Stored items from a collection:
________

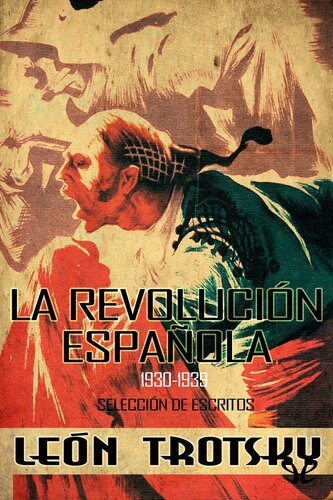 La Revolución española (1930-1939)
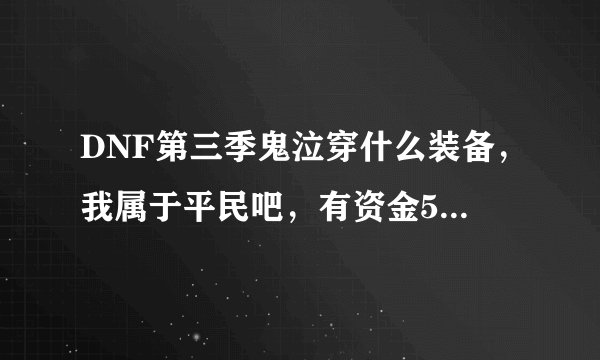 DNF第三季鬼泣穿什么装备，我属于平民吧，有资金5000W，要详细一点的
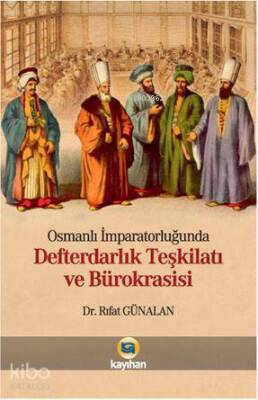 Osmanlı İmparatorluğunda Defterdarlık Teşkilatı ve Bürokrasisi - Kayıhan Yayınları (1)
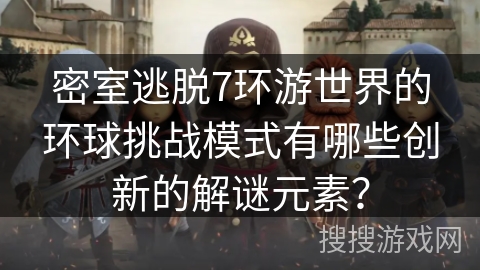 密室逃脱7环游世界的环球挑战模式有哪些创新的解谜元素？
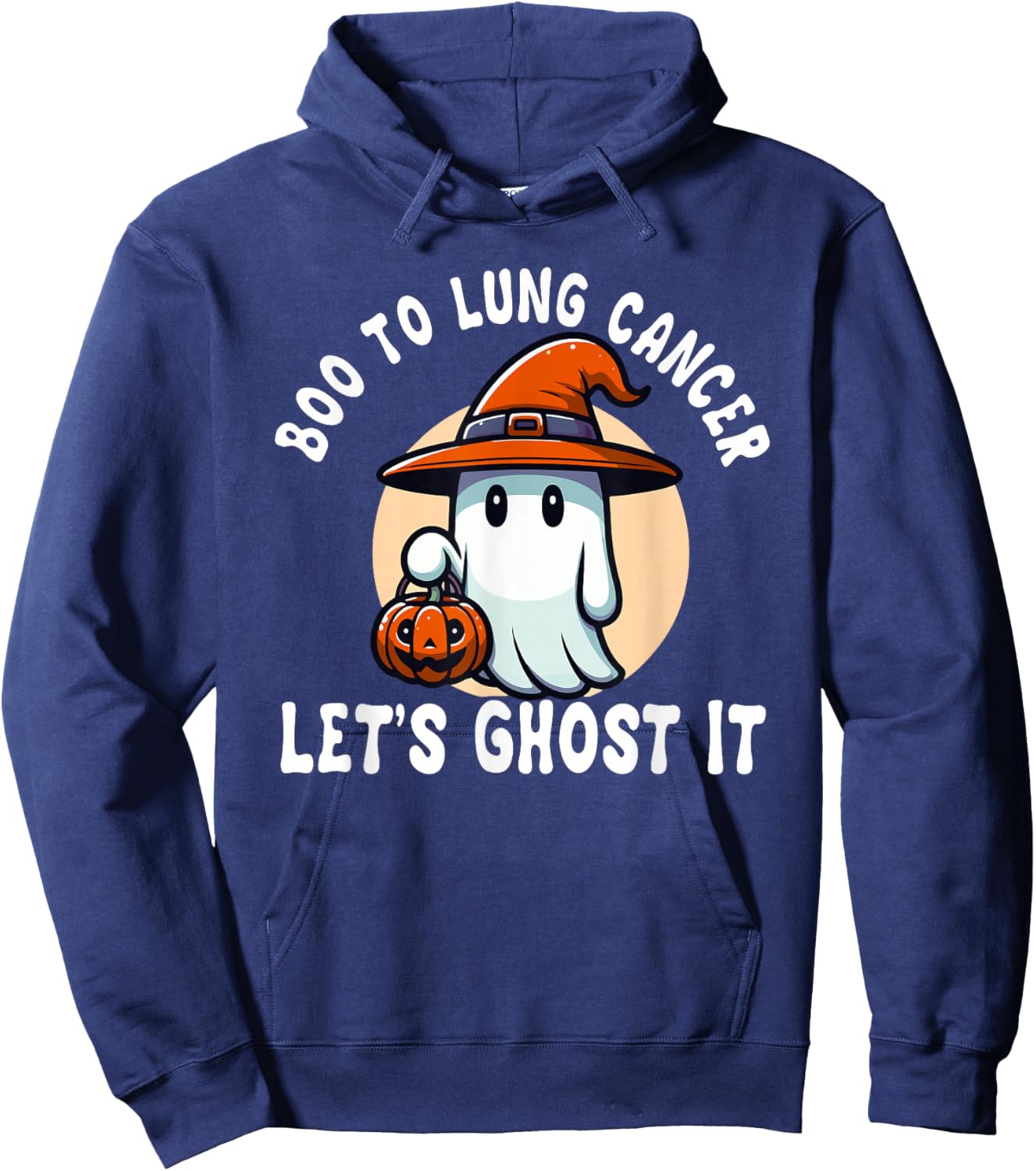 Boo To Lung Cancer Let's Ghost It Halloween Costume Hoodie - Hoodie | Navy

________

» **Exercise description**
With pictures excluded, the data must be transcribed in full and to the letter.

» **Reply to the exercise**
 La Revolución española (1930-1939)
 DNF第三季鬼泣穿什么装备，我属于平民吧，有资金5000W，要详细一点的
 Osmanlı İmparatorluğunda Defterdarlık Teşkilatı ve Bürokrasisi - Kayıhan Yayınları (1)
 密室逃脱7环游世界的环球挑战模式有哪些创新的解谜元素？
 Boo To Lung Cancer Let's Ghost It Halloween Costume Hoodie - Hoodie | Navy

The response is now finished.